Tecrit ve baskı kamplarında bir milyon civarında Uygur Türk'ünün tutulduğunu ifade eden Sezgin, "Çin diktatörlüğü, bu kampları saklama ihtiyacı bile duymamaktadır. Bu sorunun ele alınmasını ve ülkemizin ne şekilde çözüme katkı sunacağının araştırılmasını istiyoruz. Konudan kendini sorumlu tutması gereken Türkiye, Çin'e karşı ürkek hareket ediyor. Esef verici gelişmelere gerekli tepkiyi gösteremiyoruz. Yüce Meclisi soydaşlarımıza sahip çıkmaya davet ediyoruz." dedi.
HDP Kocaeli Milletvekili Ömer Faruk Gergerlioğlu da Çin'in Uygur Tüklerine karşı zulüm yaptığını söyledi.
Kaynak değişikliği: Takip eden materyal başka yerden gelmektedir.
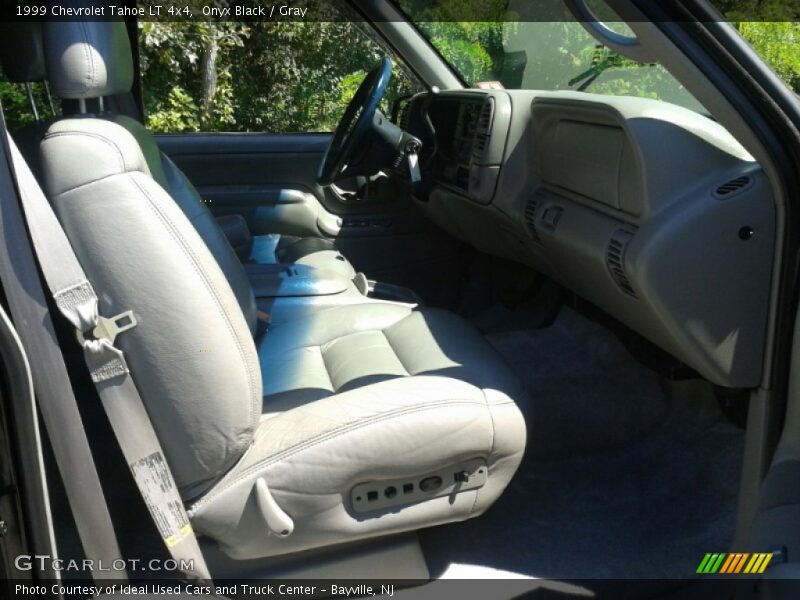 Onyx Black / Gray 1999 Chevrolet Tahoe LT 4x4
"BBC'nin haberine göre toplama kamplarında soydaşlara namaz kılmak bile yasaklanmış." diyen Gergerlioğlu, çok sayıda kişinin yaşadıkları eziyet sonrasında öldüğünü belirtti. Uygur Türklerine yönelik son derece hukuksuz uygulamaların söz konusu olduğunu dile getiren Gergerlioğlu, bu konunun üzerinde durulması gerektiğini ifade etti.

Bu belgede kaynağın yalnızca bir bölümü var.